Open cell foams are generally less expensive than closed cell foams by volume. However, as the popularity of both insulation foams increase, more options become available.
Open cell foam insulation varies in price from about $8.00 to $12.00 per can. Check the label to see how much area the can will cover. Open cell foams are semi-flexible and have higher thermal conductivity than closed cell foams.
As a result, open cell foam only provides about 50% of the R value of closed cell foam in the same quantity.
Open cell foam is recognizable from closed cell foam by its texture. Open cell foam is semi-flexible, so it should make a dent when you press on it. Closed cell foams are typically more rigid and stiff.
Where Is Open Cell Foam Preferable?
Those climatic regions where the temperature is higher and humidity is low, like the US southwest, open cell foam is preferred. Open cell foam is mostly used in hotter regions because the need for insulation is typically less than in more northern regions.
However, high temperature, high humidity regions are better served by closed cell foam because closed cell foam is much more resistant to moisture than open cell foam.
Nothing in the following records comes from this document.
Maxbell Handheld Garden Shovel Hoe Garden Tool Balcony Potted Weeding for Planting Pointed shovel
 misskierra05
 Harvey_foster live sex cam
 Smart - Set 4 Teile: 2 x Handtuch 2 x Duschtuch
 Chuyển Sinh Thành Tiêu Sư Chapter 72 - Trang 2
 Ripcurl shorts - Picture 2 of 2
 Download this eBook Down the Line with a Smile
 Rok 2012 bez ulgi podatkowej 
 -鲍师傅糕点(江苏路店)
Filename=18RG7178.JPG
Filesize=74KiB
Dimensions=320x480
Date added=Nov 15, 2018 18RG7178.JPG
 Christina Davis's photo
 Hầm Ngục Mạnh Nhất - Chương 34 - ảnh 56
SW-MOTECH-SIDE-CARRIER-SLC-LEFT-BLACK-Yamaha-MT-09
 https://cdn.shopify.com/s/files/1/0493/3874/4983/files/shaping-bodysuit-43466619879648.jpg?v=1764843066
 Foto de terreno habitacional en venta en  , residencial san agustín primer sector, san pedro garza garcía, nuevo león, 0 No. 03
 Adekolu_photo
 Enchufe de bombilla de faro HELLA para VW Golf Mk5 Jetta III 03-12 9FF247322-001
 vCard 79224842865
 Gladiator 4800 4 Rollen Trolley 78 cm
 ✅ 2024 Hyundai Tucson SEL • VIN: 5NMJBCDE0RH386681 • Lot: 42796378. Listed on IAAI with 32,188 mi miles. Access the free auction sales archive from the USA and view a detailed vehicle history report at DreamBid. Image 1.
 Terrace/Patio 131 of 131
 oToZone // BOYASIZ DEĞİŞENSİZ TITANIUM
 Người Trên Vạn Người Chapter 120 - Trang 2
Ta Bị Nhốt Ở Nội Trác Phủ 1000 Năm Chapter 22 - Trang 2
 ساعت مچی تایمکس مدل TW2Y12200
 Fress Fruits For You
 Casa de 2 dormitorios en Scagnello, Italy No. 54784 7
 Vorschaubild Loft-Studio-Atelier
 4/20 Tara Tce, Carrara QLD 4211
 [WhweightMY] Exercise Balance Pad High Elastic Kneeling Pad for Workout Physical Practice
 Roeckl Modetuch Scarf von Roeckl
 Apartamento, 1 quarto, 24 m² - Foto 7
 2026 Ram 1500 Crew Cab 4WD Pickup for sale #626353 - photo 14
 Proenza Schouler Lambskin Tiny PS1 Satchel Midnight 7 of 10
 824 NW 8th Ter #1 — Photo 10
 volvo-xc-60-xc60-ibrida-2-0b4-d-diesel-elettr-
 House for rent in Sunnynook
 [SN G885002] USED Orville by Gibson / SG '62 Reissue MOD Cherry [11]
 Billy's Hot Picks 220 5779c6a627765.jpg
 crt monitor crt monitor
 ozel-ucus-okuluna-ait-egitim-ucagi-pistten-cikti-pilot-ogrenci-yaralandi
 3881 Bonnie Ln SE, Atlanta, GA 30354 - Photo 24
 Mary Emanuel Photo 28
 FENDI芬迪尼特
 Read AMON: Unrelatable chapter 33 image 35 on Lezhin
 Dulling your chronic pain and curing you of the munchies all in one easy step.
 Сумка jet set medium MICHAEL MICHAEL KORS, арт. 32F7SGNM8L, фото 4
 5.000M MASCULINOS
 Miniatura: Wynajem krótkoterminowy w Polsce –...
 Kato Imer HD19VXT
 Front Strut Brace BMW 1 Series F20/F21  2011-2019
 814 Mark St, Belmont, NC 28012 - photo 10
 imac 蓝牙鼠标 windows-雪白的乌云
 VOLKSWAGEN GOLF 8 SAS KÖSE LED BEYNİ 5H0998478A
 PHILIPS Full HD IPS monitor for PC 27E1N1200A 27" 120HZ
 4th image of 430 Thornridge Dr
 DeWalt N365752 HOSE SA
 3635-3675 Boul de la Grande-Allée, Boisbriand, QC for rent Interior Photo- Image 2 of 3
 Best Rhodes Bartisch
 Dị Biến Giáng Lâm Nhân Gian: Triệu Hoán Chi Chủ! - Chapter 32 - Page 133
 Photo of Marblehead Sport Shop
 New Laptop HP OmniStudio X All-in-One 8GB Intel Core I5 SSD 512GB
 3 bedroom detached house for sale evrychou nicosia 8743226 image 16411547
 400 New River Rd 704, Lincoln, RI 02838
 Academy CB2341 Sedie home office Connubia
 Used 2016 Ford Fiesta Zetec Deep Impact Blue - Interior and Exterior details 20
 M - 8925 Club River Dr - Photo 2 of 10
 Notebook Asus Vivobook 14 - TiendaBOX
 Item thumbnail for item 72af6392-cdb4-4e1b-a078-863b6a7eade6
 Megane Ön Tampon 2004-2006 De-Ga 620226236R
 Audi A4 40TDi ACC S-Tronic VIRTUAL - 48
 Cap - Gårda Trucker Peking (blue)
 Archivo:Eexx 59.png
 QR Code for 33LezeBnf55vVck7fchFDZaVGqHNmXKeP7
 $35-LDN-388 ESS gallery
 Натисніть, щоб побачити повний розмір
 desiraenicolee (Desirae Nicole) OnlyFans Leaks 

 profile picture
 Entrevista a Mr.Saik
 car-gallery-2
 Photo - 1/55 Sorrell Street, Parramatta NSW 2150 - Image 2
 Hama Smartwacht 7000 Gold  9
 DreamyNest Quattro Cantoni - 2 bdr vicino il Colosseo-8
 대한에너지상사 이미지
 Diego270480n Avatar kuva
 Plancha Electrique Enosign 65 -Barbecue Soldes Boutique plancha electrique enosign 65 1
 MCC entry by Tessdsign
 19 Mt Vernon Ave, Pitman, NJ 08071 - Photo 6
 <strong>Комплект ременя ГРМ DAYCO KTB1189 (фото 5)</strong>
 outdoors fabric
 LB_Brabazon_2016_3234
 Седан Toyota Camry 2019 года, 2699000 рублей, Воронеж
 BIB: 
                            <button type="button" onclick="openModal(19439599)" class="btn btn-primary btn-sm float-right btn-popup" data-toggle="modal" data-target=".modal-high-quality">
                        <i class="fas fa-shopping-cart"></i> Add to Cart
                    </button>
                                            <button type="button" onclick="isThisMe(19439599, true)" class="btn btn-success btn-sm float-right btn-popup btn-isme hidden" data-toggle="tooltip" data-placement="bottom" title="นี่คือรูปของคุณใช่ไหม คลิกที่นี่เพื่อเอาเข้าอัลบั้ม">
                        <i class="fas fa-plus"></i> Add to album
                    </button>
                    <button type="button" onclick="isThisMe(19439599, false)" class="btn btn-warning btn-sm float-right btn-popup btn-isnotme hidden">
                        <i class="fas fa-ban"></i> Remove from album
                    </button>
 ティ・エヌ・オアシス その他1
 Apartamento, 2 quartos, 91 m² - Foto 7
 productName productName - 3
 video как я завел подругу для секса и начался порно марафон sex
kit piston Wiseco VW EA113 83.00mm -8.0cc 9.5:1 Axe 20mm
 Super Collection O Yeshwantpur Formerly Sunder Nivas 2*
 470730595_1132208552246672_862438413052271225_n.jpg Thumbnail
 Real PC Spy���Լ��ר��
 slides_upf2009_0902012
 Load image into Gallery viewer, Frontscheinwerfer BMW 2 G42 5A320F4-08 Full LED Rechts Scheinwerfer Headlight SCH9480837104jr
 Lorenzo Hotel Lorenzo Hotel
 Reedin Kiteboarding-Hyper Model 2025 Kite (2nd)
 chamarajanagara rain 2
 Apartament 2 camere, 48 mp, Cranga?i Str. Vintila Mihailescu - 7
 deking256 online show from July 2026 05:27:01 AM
The dense nature of closed cell foam provides little room for moisture, making closed cell foam more appropriate for coastal regions.
What Are the Pros and Cons Of Open Cell Spray Foam?
- Open cell foams are more flexible, so they move with natural materials, like wood, that expand and contract
- Open cell foam often costs less than closed cell foam
- Open cell foam doesn’t weigh as much by volume as closed cell foam, making open cell ideal when material weight is a consideration
- Open cell offers little resistance to moisture
- Open cell spray foam is less durable than closed cell foam because it is mostly air
- Open cell foam provides about 50% of the R value of closed cell foam by volume
- The chances of rot and mold growth are more likely because open cell foam will absorb water
Closed Cell Foam Basics
Closed cell foam creates small, distinct pockets of gas, with each one completely packed inside walls made of polymer. Closed cell foam is generally stiffer and more rigid than open cell foam, adding structural strength to the structure.
Closed cell foams create a number of encased air pockets, similar to rubber balls compacted inside a layer of elasticized rubber. When compacted, air releases through the cell wall and the air pockets are crushed down to small disc shapes. When the applied pressure is released, air enters again through the cell wall but at a slower rate, inflating the cell only slightly.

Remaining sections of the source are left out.